While some researchers are hard at work to achieve quantum computing on a chip, scientists from the University of Texas at Austin’s Cockrell School are busy making history. The research team recently created an atom-thick transistor made from silicon particles, called silicene, which may revolutionize computer chips.

 

There had been talk about the development of silicene, but it had yet to be constructed, until recently. Assistant Professor in the Department of Electrical and Computer Engineering Deji Akinwande and lead researcher Li Tao successfully built the first-ever silicene chip last month. The team looked to current graphene-based chip development for guidance, but discovered a major issue at the onset – silicene was sensitive to air.

 

To circumvent this issue, Akinwande and Tao worked with Alessandro Molle of the Institute for Microelectronics and Microsystems in Agrate Brianza, Italy, to construct the delicate material in an airtight space. The team was able to form a thin silicene sheet by condensing silicon vapor onto a crystalline silver block in a vacuum chamber. Once the sheet was formed, silicene atoms were placed on a thin silver sheet and covered with a layer of alumina that was one nanometer thick. Once formed, the team was able to peel the silicene sheet off of the base and move it to an oxidized-silicon substrate. The result was a functional silicene transistor that joined two metal groups of electrodes.

 

The transistor was only functional for a few minutes before crumbling due to instability in air. While the transistor’s capabilities were rather archaic, the UT team was successfully able to fabricate silicene devices for the first time ever through low-temperature manufacturing. As silicone is a common base for computer chips, the researchers are confident that the technology could be adopted relatively easily, to make for faster, low-energy digital chips.

 

The team of scientists plans to continue its research to develop a more stable silicene chip.

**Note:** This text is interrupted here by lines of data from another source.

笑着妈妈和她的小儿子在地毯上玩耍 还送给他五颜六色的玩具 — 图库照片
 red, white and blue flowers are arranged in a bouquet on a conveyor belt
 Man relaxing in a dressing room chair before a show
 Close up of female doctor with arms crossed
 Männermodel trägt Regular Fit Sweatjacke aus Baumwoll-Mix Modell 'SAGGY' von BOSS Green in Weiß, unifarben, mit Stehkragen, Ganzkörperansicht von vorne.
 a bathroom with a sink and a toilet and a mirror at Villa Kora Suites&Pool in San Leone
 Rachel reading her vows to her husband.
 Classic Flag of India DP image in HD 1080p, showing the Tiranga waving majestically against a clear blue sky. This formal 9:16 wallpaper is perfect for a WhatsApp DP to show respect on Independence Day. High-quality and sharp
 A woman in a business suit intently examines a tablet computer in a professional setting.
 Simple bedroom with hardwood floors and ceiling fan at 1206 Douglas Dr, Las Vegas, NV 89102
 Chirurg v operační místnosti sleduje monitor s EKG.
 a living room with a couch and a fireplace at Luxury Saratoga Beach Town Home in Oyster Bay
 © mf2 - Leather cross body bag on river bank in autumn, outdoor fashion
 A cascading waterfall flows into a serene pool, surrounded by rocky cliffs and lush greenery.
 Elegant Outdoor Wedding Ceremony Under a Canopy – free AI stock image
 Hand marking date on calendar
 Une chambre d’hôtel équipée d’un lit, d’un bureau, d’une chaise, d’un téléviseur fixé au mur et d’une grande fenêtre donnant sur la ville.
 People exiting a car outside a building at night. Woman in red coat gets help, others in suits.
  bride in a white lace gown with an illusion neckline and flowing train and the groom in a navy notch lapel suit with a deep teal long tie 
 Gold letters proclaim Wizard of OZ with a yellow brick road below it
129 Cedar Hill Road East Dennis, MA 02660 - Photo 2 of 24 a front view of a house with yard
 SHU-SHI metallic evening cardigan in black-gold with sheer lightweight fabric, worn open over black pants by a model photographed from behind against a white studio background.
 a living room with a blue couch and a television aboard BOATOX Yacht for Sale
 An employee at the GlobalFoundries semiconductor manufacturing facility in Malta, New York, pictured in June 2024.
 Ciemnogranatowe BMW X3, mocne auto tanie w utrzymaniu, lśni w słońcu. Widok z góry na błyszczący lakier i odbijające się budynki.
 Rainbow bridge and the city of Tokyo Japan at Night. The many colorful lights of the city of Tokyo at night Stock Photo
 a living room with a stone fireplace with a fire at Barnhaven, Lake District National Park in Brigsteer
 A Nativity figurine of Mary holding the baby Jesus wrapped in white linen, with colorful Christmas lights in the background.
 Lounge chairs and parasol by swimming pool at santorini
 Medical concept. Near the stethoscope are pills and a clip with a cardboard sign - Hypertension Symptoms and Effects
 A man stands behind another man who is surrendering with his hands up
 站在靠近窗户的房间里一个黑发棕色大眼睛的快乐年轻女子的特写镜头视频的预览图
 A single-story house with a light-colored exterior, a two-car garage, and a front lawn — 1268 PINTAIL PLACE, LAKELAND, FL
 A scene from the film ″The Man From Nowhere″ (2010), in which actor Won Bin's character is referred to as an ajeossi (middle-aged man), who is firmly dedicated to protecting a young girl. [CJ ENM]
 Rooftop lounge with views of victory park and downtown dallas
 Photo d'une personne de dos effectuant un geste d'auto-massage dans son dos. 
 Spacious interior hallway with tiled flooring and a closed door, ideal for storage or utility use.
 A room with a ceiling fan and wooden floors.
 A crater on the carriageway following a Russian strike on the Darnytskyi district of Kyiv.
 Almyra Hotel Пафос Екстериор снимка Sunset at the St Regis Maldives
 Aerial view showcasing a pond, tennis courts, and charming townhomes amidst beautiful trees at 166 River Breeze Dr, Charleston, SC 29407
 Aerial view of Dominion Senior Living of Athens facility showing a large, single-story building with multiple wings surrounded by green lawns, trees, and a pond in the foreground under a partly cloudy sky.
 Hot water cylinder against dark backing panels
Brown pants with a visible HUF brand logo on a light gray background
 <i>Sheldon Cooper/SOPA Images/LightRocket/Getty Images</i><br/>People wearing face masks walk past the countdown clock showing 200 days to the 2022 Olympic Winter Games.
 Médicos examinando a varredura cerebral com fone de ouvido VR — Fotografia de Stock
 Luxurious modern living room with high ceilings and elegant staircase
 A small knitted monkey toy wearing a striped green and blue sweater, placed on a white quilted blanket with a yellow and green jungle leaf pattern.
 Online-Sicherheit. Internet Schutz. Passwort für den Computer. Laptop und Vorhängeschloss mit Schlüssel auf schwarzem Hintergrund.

Having a super-thin silicene transistor could incredibly enhance the speed of computing, but it isn’t without competition. Graphene-based transistors have been under development for quite some time and may also be a solution to the question of how to enhance computing capabilities. Both technologies, however, may fail to surpass the potential power of the Università degli Studi di Pavia in Italy’s newest quantum chip. The chip features entanglement capabilities, potentially allowing an entire network to function as one unit. The new technology may also make cyber threats a thing of the past.

 

At present, emerging chip technologies are all still in need of further development before they are ready to hit the market. No one knows which technology will prevail, but it certainly is exciting.

 

The Cockrell School’s Southwest Academy of Nanoelectronics, the U.S. Army Research Laboratory’s Army Research Office and the European Commission’s Future and Emerging Technologies Programme funded the University of Texas at Austin-based project.